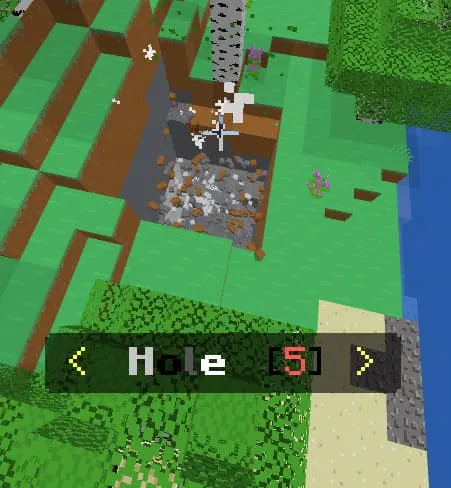 Дыра в земле от стрелы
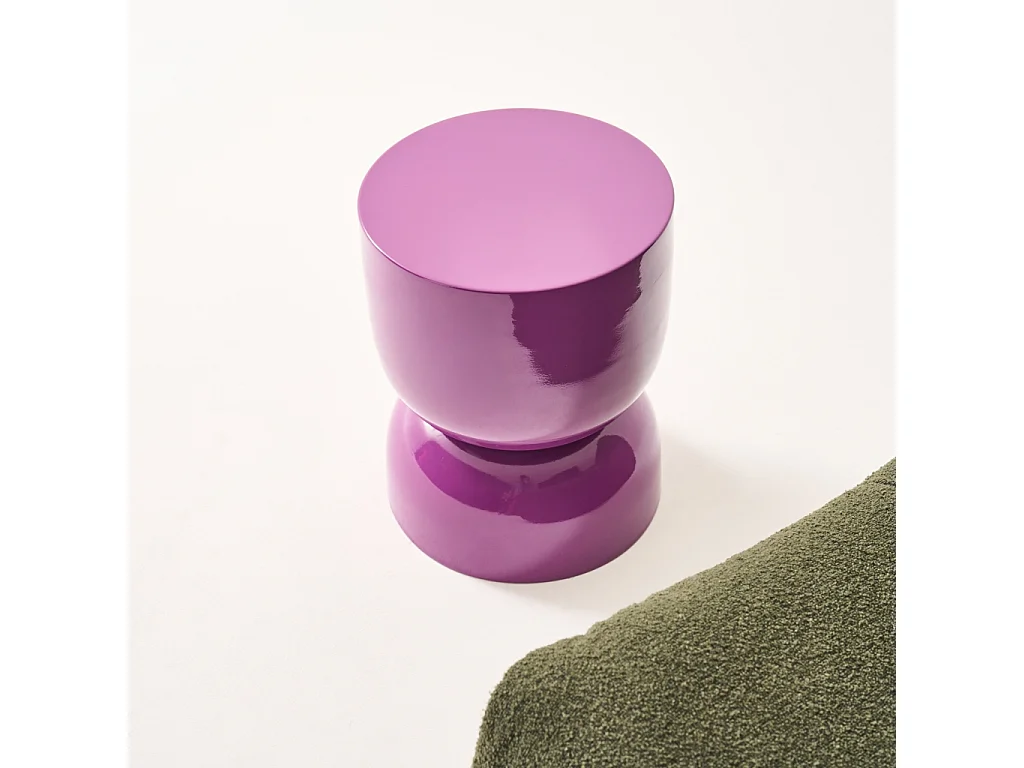 Tavolino in metallo effetto glassy,  42cm, viola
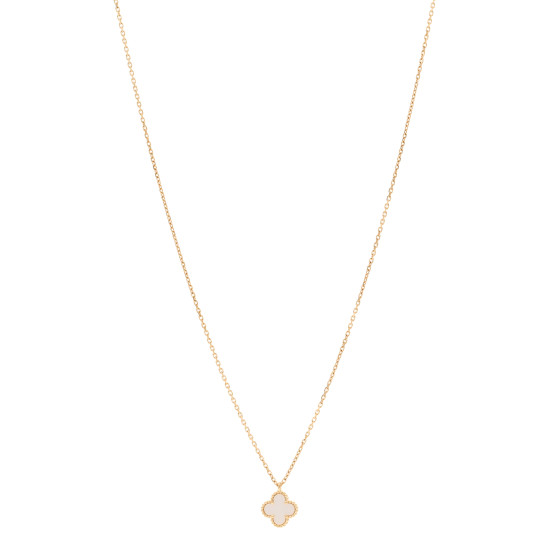18K Yellow Gold Mother of Pearl Sweet Alhambra Pendant Necklace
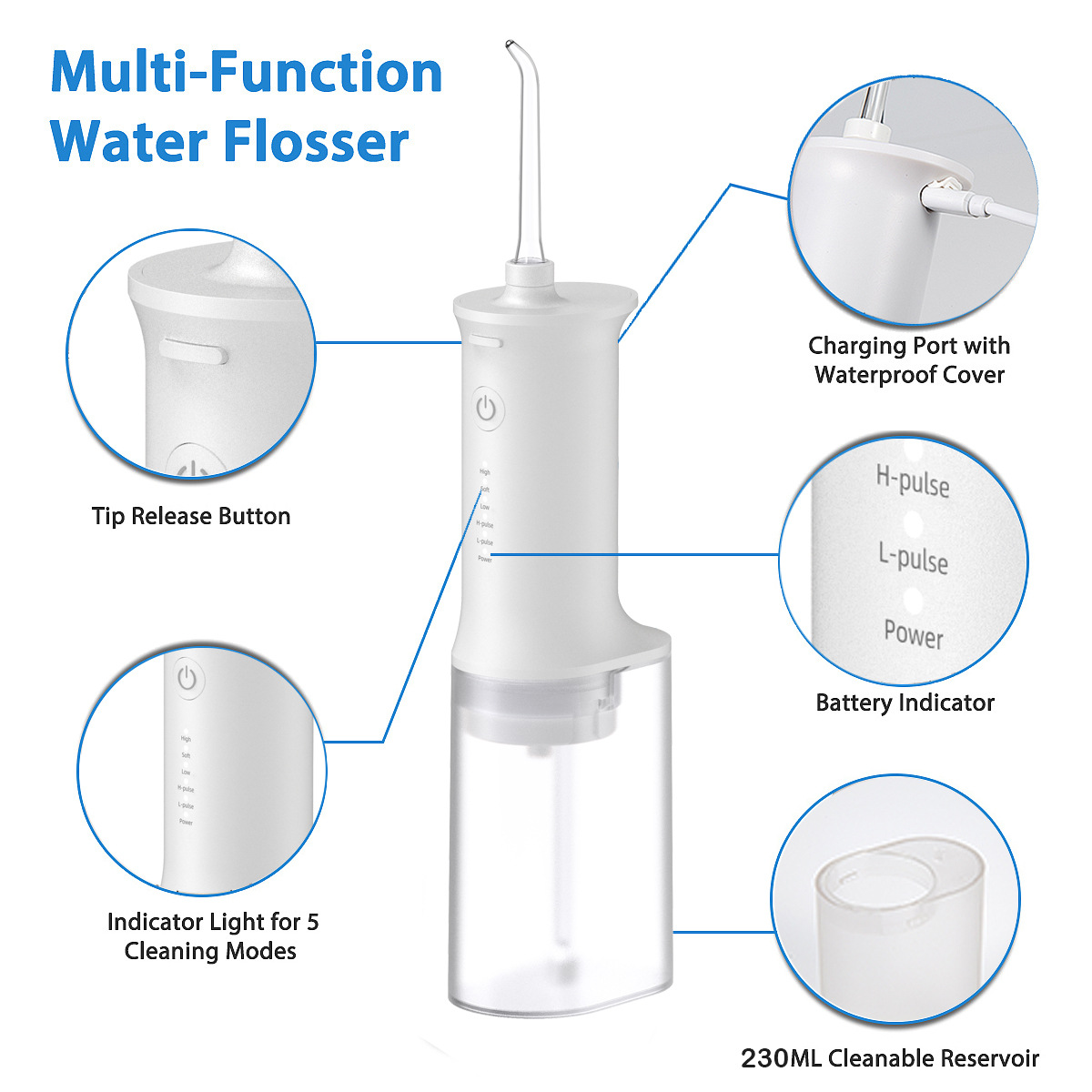 Portable Toothbrush Ultrasonic Water Flosser For Removing Dental Calculus And Oral Cleaning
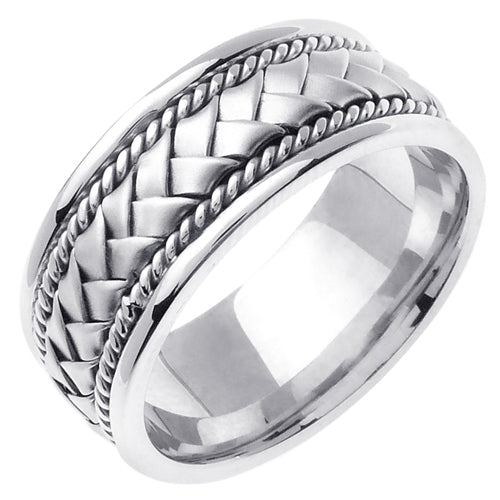 18K White Solid Gold Wedding Band for Women, Braided Gold Ring for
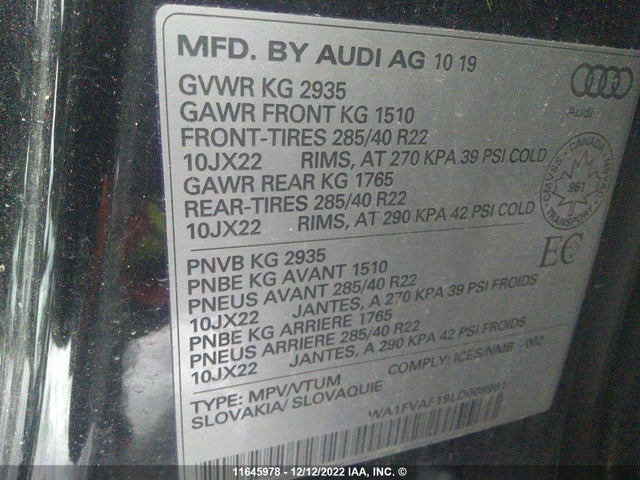 WA1FVAF19LD008901 Audi Q8 Prestige S-line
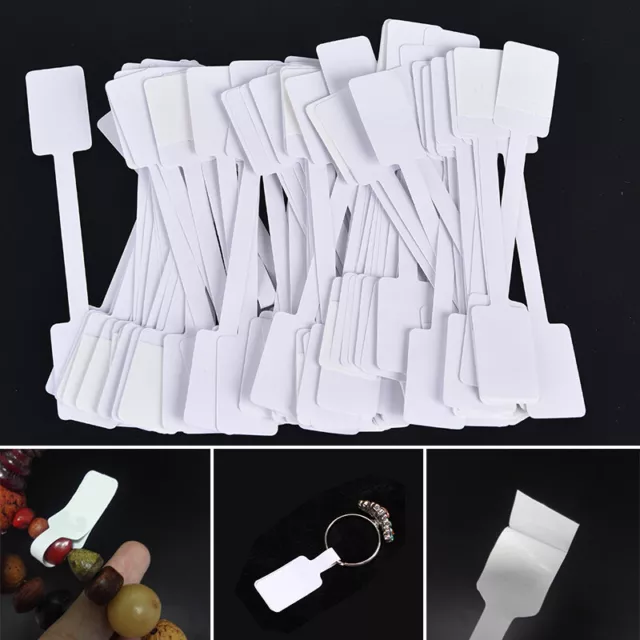 100pcs White Price Label Tags with Hanging String Jewelry Stationery Sh~mj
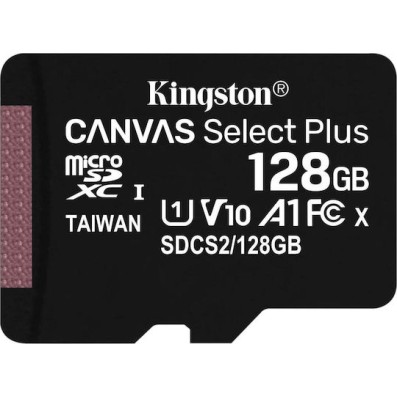 Kingston Canvas Select Plus microSDXC 128GB Class 10 U1 V10 A1 UHS-I με αντάπτορα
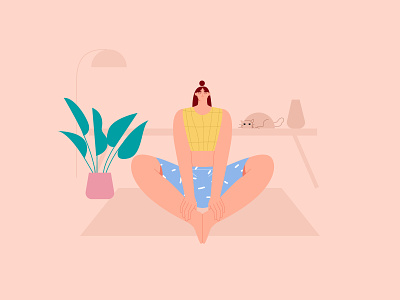 Woman yoga bound ankle poses illustration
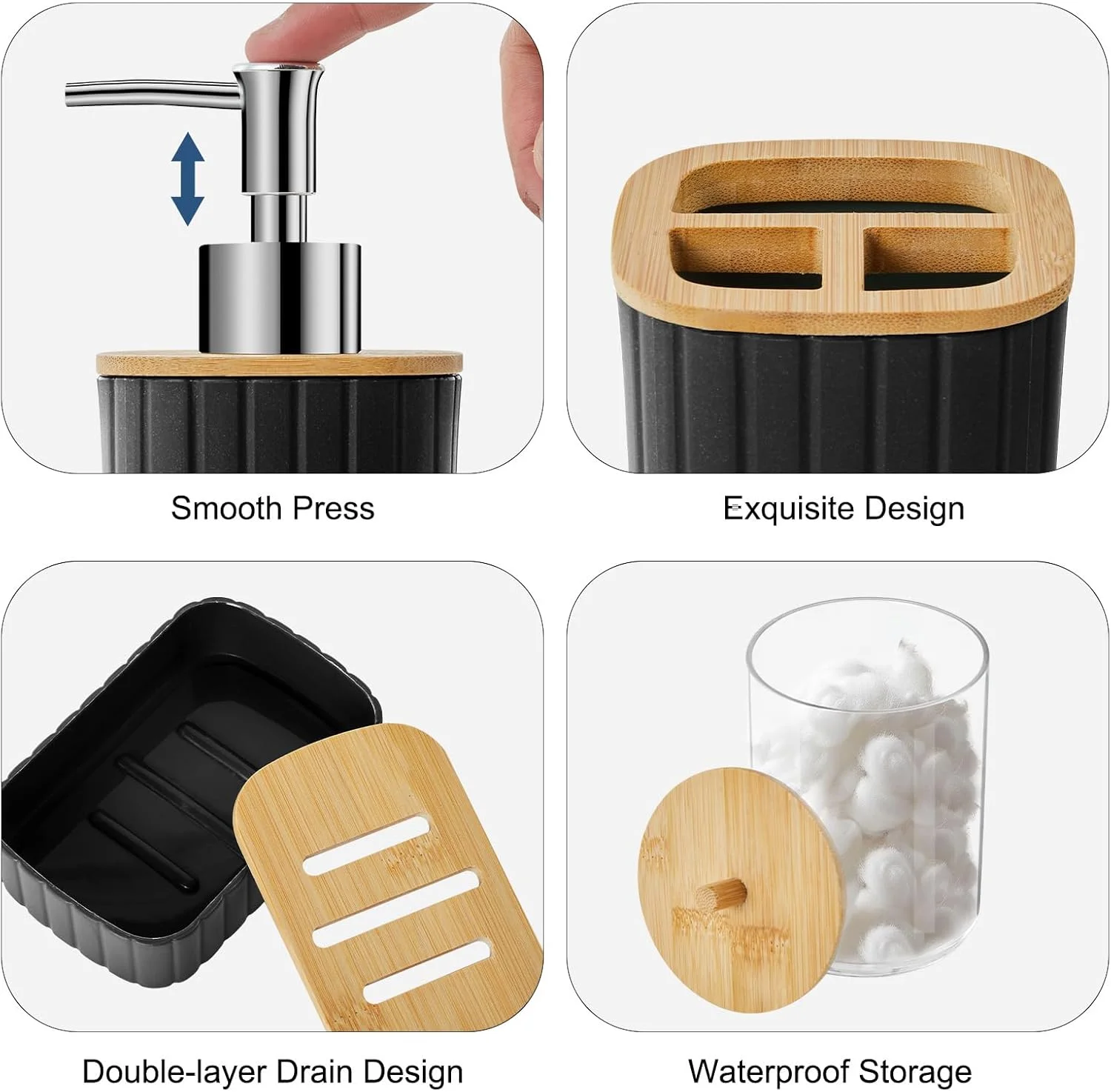 ست لوازم جانبی حمام Z ZONAMA - ست 22 تکه مشکی حمام شامل پرده حمام، سطل زباله، جا برس توالت و جا مایع صابون - دکور شیک و کاربردی حمام برای خانه و آپارتمان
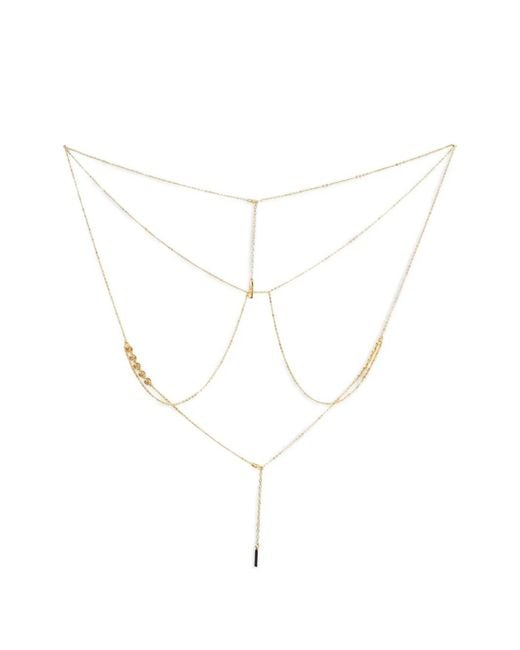 Luv Aj White Spiral-Detail Multi-Chain Necklace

-------------------------

• How to complete this task:
With pictures omitted, reproduce exactly the lines from the line containing "WA1FVAF19LD008901 Audi Q8 Prestige S-line" through the end of the data above.

• Response area:
 WA1FVAF19LD008901 Audi Q8 Prestige S-line
 100pcs White Price Label Tags with Hanging String Jewelry Stationery Sh~mj
 Kingston Canvas Select Plus microSDXC 128GB Class 10 U1 V10 A1 UHS-I με αντάπτορα
 Woman yoga bound ankle poses illustration
 ست لوازم جانبی حمام Z ZONAMA - ست 22 تکه مشکی حمام شامل پرده حمام، سطل زباله، جا برس توالت و جا مایع صابون - دکور شیک و کاربردی حمام برای خانه و آپارتمان
 Luv Aj White Spiral-Detail Multi-Chain Necklace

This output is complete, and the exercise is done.